Step-by-Step Solution:
#### 1. Polynomial: \( 2x^3 - x^2 + 19x + 10 \)
- Leading coefficient (\( a_n \)): \( 2 \)
- Factors of \( 2 \): \( \pm 1, \pm 2 \)
- Constant term (\( a_0 \)): \( 10 \)
- Factors of \( 10 \): \( \pm 1, \pm 2, \pm 5, \pm 10 \)
- Possible rational zeros (\( \frac{p}{q} \)):
\[
\pm 1, \pm 2, \pm 5, \pm 10, \pm \frac{1}{2}, \pm \frac{5}{2}
\]
- Given options:
\[
\pm 1, \pm 2, \pm 3, \pm 4, \pm 5, \pm 10, \pm \frac{1}{2}, \pm \frac{2}{5}, \pm \frac{5}{2}, \pm \frac{5}{3}
\]
- Possible rational zeros from the options:
\[
\pm 1, \pm 2, \pm 5, \pm 10, \pm \frac{1}{2}, \pm \frac{5}{2}
\]
- NOT possible rational zeros:
\[
\pm 3, \pm 4, \pm \frac{2}{5}, \pm \frac{5}{3}
\]
#### 2. Polynomial: \( x^5 + 3x^4 - 18x^2 + 27 \)
- Leading coefficient (\( a_n \)): \( 1 \)

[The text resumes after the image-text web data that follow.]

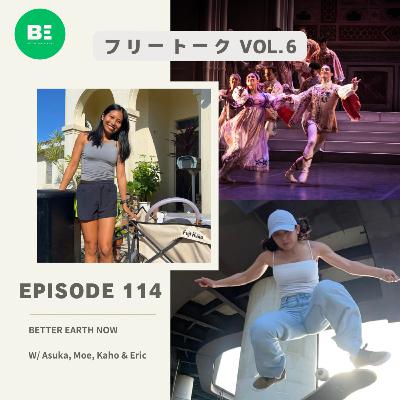 #114【フリートーク Vol.6】Eric久々の登場!ヴィーガン4人のスポーツトーク&最近始めた健康習慣 #114【フリートーク Vol.6】Eric久々の登場!ヴィーガン4人のスポーツトーク&最近始めた健康習慣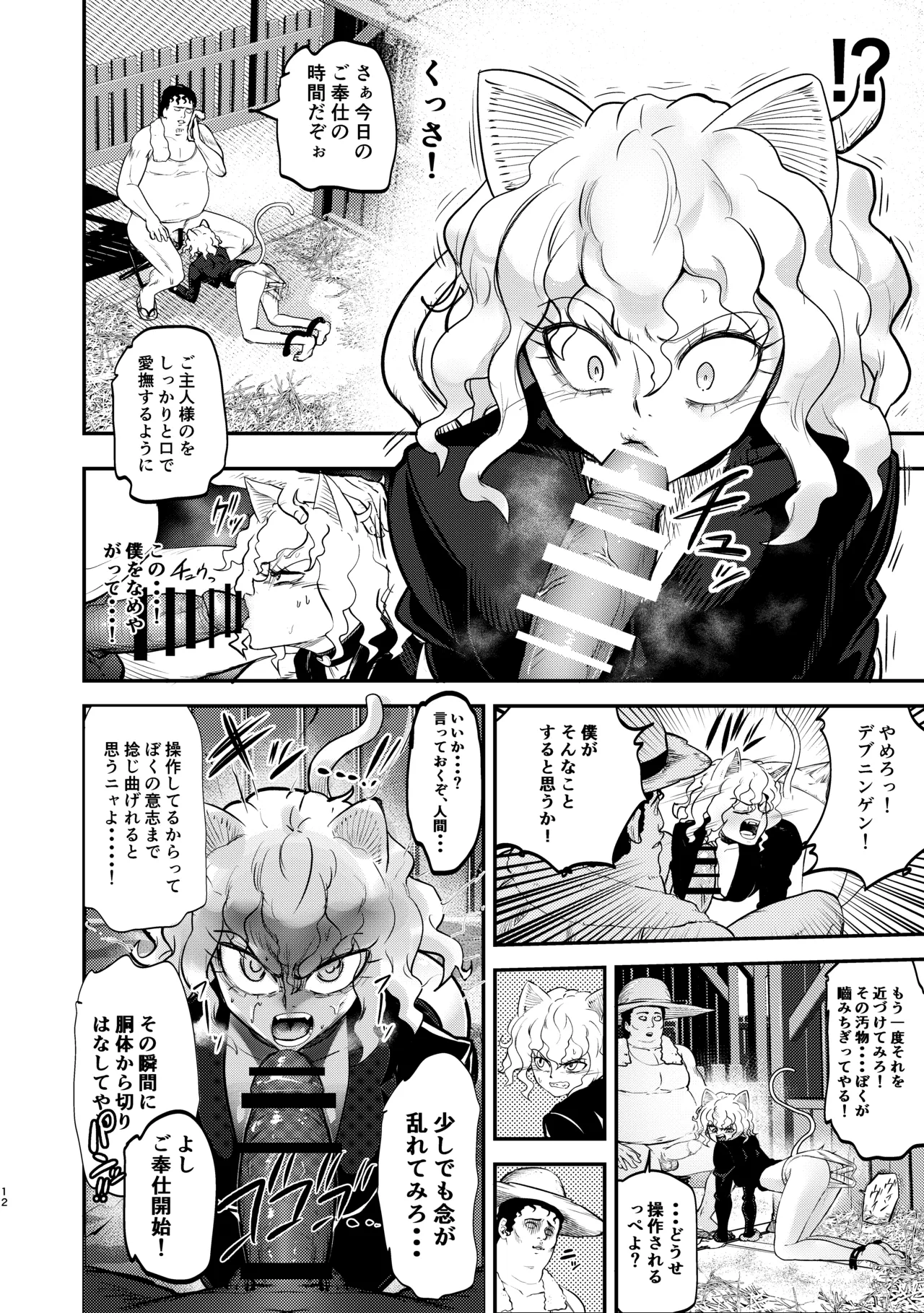 調教師 操作系なんてボク知らない！ Page.12
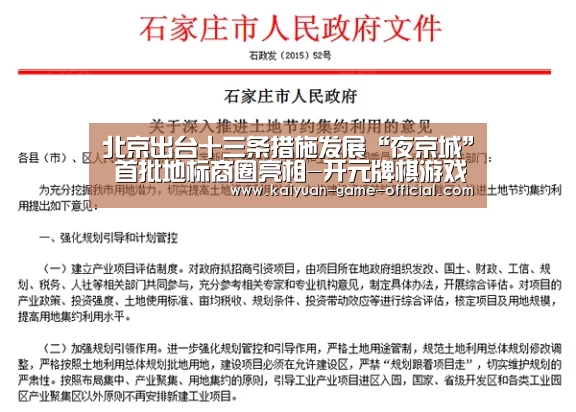开元牌棋游戏平台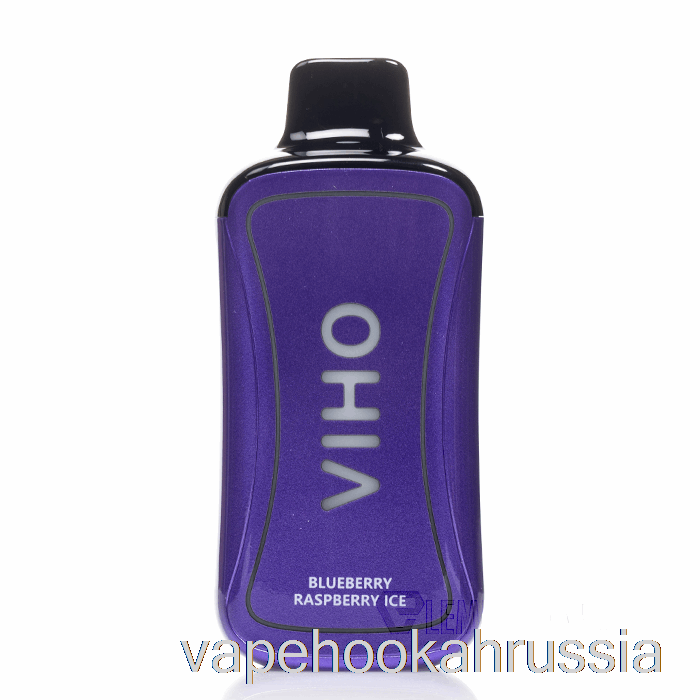 Vape Juice Viho Supercharge 20000 одноразовый чернично-малиновый лед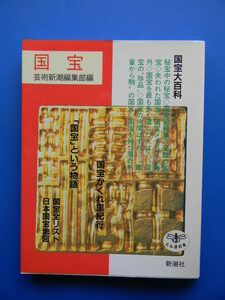 国宝　とんぼの本　芸術新潮編集部編 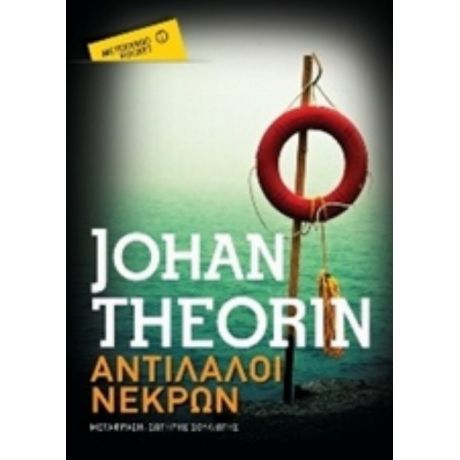 Αντίλαλοι Νεκρών - Johan Theorin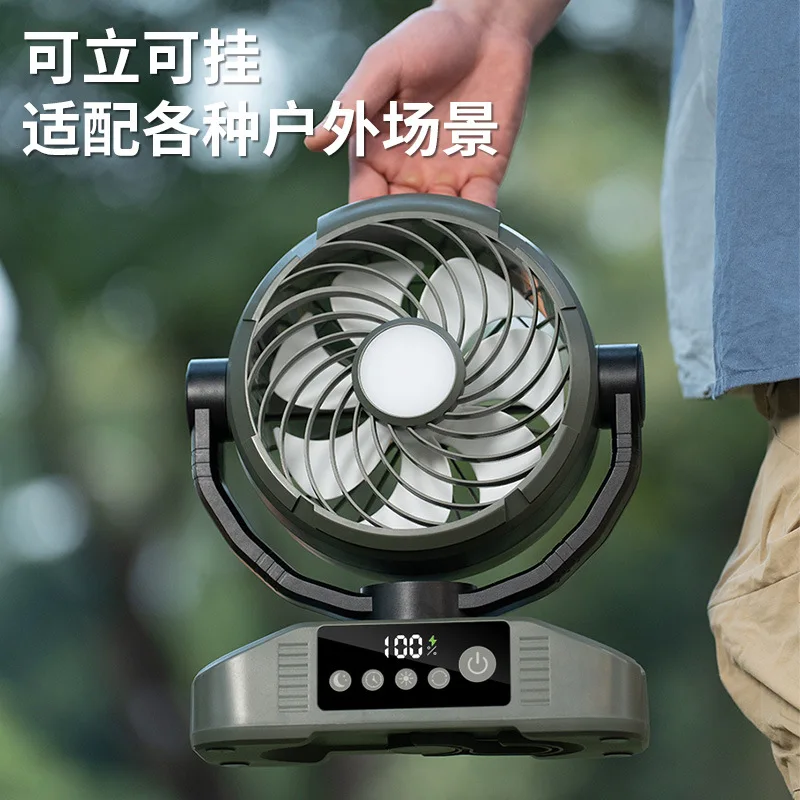 

Outdoor Camping Fan 20,000 MAh USB Power Bank Shaking Head Wireless Remote Control Desktop Fan
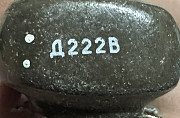 Дросель Д222в Суми
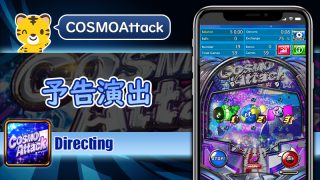 予告演出：コスモアタック（Cosmo Attack）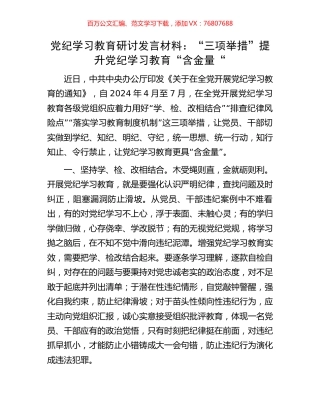 党纪学习教育研讨发言材料：“三项举措”提升党纪学习教育“含金量“.docx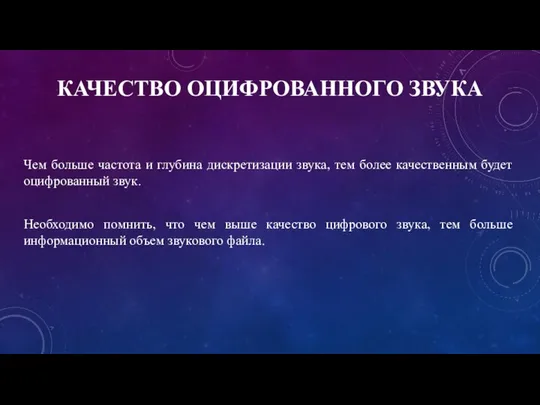 КАЧЕСТВО ОЦИФРОВАННОГО ЗВУКА Чем больше частота и глубина дискретизации звука, тем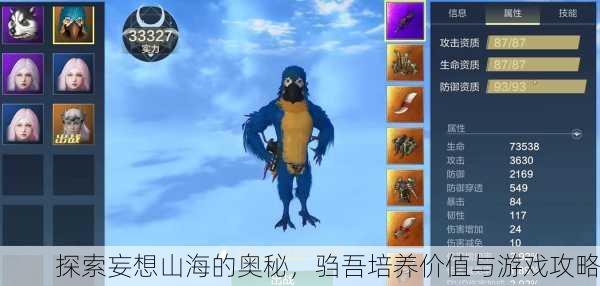 探索妄想山海的奥秘，驺吾培养价值与游戏攻略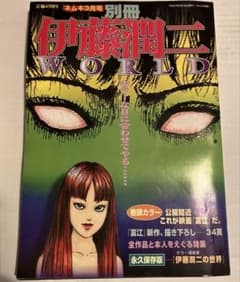伊藤潤二　朝日ソノラマ１１巻セット 別冊 伊藤潤二WORLD 平成11年3月30日発行 朝日ソノラマ - メルカリ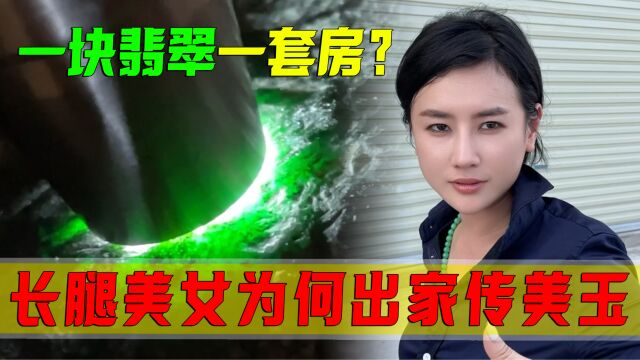 一块翡翠就值一套房?长腿美女为何出让家传美玉?郭姐能顺利拿下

- Factors of \( 1 \): \( \pm 1 \)
- Constant term (\( a_0 \)): \( 27 \)
- Factors of \( 27 \): \( \pm 1, \pm 3, \pm 9, \pm 27 \)
- Possible rational zeros (\( \frac{p}{q} \)):
\[
\pm 1, \pm 3, \pm 9, \pm 27
\]
- Given options:
\[
\pm 1, \pm 2, \pm 3, \pm 4, \pm 5, \pm 6, \pm 9, \pm 27, \pm \frac{1}{3}, \pm \frac{1}{9}
\]
- Possible rational zeros from the options:
\[
\pm 1, \pm 3, \pm 9, \pm 27
\]
- NOT possible rational zeros:
\[
\pm 2, \pm 4, \pm 5, \pm 6, \pm \frac{1}{3}, \pm \frac{1}{9}
\]
#### 3. Polynomial: \( 5x^3 - 23x^2 - 65x - 22 \)
- Leading coefficient (\( a_n \)): \( 5 \)
- Factors of \( 5 \): \( \pm 1, \pm 5 \)
- Constant term (\( a_0 \)): \( -22 \)
- Factors of \( 22 \): \( \pm 1, \pm 2, \pm 11, \pm 22 \)
- Possible rational zeros (\( \frac{p}{q} \)):
\[
\pm 1, \pm 2, \pm 11, \pm 22, \pm \frac{1}{5}, \pm \frac{2}{5}, \pm \frac{11}{5}, \pm \frac{22}{5}
\]
- Given options:
\[
\pm 1, \pm 2, \pm 3, \pm 4, \pm 5, \pm 10, \pm 11, \pm 12, \pm 22, \pm \frac{1}{5}, \pm \frac{2}{5}, \pm \frac{11}{5}, \pm \frac{22}{5}, \pm \frac{5}{11}, \pm \frac{5}{22}
\]
- Possible rational zeros from the options:
\[
\pm 1, \pm 2, \pm 11, \pm 22, \pm \frac{1}{5}, \pm \frac{2}{5}, \pm \frac{11}{5}, \pm \frac{22}{5}
\]
- NOT possible rational zeros:
\[
\pm 3, \pm 4, \pm 5, \pm 10, \pm 12, \pm \frac{5}{11}, \pm \frac{5}{22}
\]
Final Answer:
\[
\boxed{
\begin{array}{ll}
\text{1. Possible: } \pm 1, \pm 2, \pm 5, \pm 10, \pm \frac{1}{2}, \pm \frac{5}{2} & \text{NOT: } \pm 3, \pm 4, \pm \frac{2}{5}, \pm \frac{5}{3} \\
\text{2. Possible: } \pm 1, \pm 3, \pm 9, \pm 27 & \text{NOT: } \pm 2, \pm 4, \pm 5, \pm 6, \pm \frac{1}{3}, \pm \frac{1}{9} \\
\text{3. Possible: } \pm 1, \pm 2, \pm 11, \pm 22, \pm \frac{1}{5}, \pm \frac{2}{5}, \pm \frac{11}{5}, \pm \frac{22}{5} & \text{NOT: } \pm 3, \pm 4, \pm 5, \pm 10, \pm 12, \pm \frac{5}{11}, \pm \frac{5}{22}
\end{array}
}
\]
Parent Tip: Review the logic above to help your child master the concept of rational root theorem worksheet.